→ Task item: Beginning with the line that contains "Mad Tea Party | Earrings & Necklace Set" and concluding with the final line of the listing below, output each line exactly, and only those lines.
----- Supplied material -----
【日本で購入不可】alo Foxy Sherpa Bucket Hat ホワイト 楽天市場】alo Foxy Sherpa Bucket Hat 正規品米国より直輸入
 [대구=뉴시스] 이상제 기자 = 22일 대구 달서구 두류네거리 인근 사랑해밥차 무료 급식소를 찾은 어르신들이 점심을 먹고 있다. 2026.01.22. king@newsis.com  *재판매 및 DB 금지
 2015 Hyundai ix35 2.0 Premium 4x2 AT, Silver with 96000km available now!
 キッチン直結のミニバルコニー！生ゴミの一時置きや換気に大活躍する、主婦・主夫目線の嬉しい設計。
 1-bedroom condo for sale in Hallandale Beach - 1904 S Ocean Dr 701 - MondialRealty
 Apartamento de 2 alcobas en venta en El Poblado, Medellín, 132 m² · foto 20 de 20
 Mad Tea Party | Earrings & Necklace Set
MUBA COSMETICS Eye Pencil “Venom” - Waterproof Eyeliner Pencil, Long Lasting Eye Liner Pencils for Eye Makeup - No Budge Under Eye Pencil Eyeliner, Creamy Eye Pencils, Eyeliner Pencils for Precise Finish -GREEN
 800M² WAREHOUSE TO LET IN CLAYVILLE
-----
→ Response to this exercise:
 Mad Tea Party | Earrings & Necklace Set
MUBA COSMETICS Eye Pencil “Venom” - Waterproof Eyeliner Pencil, Long Lasting Eye Liner Pencils for Eye Makeup - No Budge Under Eye Pencil Eyeliner, Creamy Eye Pencils, Eyeliner Pencils for Precise Finish -GREEN
 800M² WAREHOUSE TO LET IN CLAYVILLE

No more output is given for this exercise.